Say the words "green architecture" and certain high-profile projects come to mind. Think of the "green roof" at City Hall, 6 years old. There, far above the heads of the power brokers, a profusion of shrubs, vines, flowers and grasses creates a cooler, better-looking surface than heat-grabbing asphalt. The scene gives new meaning to the color green at a building where it long has been associated with unmarked bills stuffed into envelopes.

Now, a new crop of environmentally sensitive designs is showing that the benefits of green architecture can -- and should -- be spread to impoverished areas far outside the Loop.

This "inner-city green" represents the latest frontier in Mayor Richard M. Daley's effort to bring the benefits of green design to Chicago. Backed by financial support from the city and state, the trend deserves celebrating, not just socially but architecturally, because these projects reveal that true green architecture consists of much more than a green roof dropped on a building like a piece of lettuce atop a hamburger.

Sapping energy

This matters in a world where we fixate on the pollution caused by cars and trucks when, in reality, according to the Washington, D.C.-based American Institute of Architects, the biggest source of emissions and energy consumption is buildings -- the energy it takes to make building materials and transport them, as well as energy required to operate them. If we want to make a more sustainable world, buildings are the place to start, as two recently completed projects show.

The first is the Bethel Center, a retail, day-care and employment center in the Garfield Park area on the West Side. The second is Wentworth Commons, an apartment building in the Far South Side Roseland area for people who were homeless or at risk of being homeless. Both sit along streets where the curbs are strewn with garbage. Boarded-up storefronts and vacant lots loom nearby.

Into these grim surroundings, the buildings inject much-needed optimism, recalling the ideals of the early 20th Century modernists for whom architecture was an agent of social change, not just an aesthetic of steel-and-glass.

The most visible sign of their green architecture comes in the solar panels that are deftly integrated into their designs, a welcome contrast from the solar panels that were slapped onto roofs in the energy-conscious 1970s. At Bethel Center, the solar panels and their supporting brackets play the visual role of an old-fashioned roofline cornice, nicely capping the building and carrying the eye down the street. At Wentworth Commons, the panels and their supporting trusses are cleverly placed atop the roof to form a dramatic crown for the building's exuberant exterior.

Yet there is much more to the green architecture of these buildings than their roofscapes, particularly at the $4.5 million Bethel Center, which was co-developed by Matanky Realty Group and Bethel New Life, the Chicago non-profit that has ministered to the beleaguered West Side since the area was devastated by riots in the late 1960s.
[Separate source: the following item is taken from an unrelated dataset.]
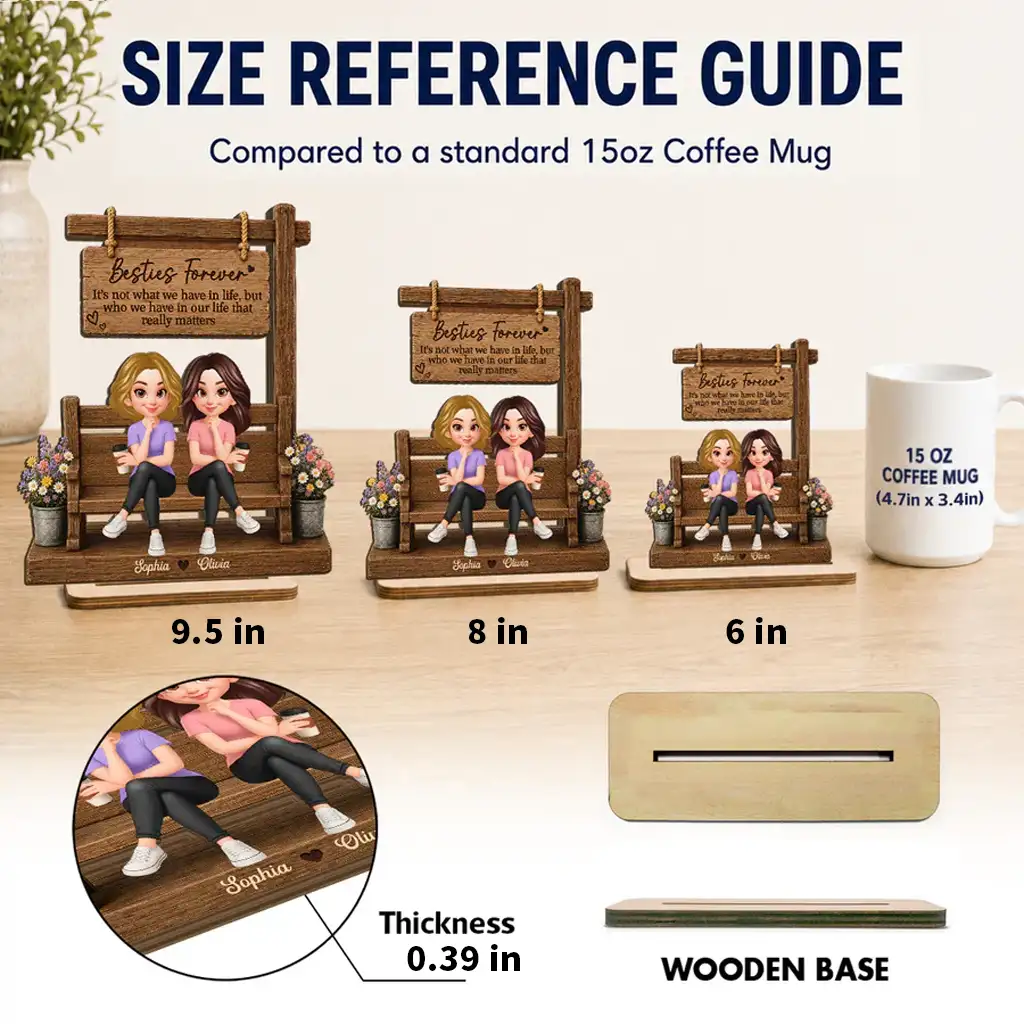 Personalized Besties Forever 2-Layer Wooden Plaque, Seated Friends With Coffee, Unique Gift for Best Friend - Image 4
The chief designer was Kevin Pierce of Farr Associates architects, one of the city's leading green firms.

At Bethel, the green design begins with the building's location -- at Pulaski Road and Lake Street, next to the Pulaski station on the CTA's Green Line elevated tracks. Even if the Bethel Center had no green features visible to the eye, it would save energy because it encourages people to use transit. Parents on their way to work can drop their kids off at the day-care center, for example, and walk across a glass-enclosed sky bridge that leads to the CTA station. The broader lesson: A building doesn't have to look green to be green.

The two-story building itself represents a well-conceived modernization of traditional commercial architecture. Projecting aluminum fins, or light shelves, join with the roofline solar panels to shield the interior from harsh sunlight. Red- and brown-brick exterior walls peel back to reveal the building's insulating concrete and foam inner walls.

The combined effect of these details is a building that stylishly proclaims how it saves energy. The design at once revives the traditional city of block-filling buildings and delivers a forward-looking jolt.

There also is much to celebrate at the $13.2 million Wentworth Commons, which rises at 111th Street and Wentworth Avenue and was developed by Lakefront Supportive Housing, now Mercy Housing Lakefront. The development has 51 units, ranging from single-room apartments to multibedroom apartments for families. But it does not look anything like an old-fashioned housing project.

The chief designer, Susan King, of the Chicago office of Detroit-based Harley Ellis Devereaux, broke the facade into playful, earth-toned blocks of brick and glazed concrete that have the innocence of children's building blocks. The design, which suggests individual homes instead of a monolithic mass, stops just short of being cartoonish.

The crowning touch, literally, comes on the roof.

Instead of concealing the solar panels and their supporting steel trusses, King revealed them and arranged them to complement the building's architecture. Set along the perimeter, their raking diagonal profile endows the four-story building with a strong, rhythmic top and subtly suggests a traditional roof gable, as if to say: "Home Sweet, Energy-Saving, Home."

Surely it's no coincidence that the solar panels top the bright green sections of the facade along Wentworth Avenue. The only troubling sign are the water stains that mar some of the masonry blocks. But contractors are supposed to fix them.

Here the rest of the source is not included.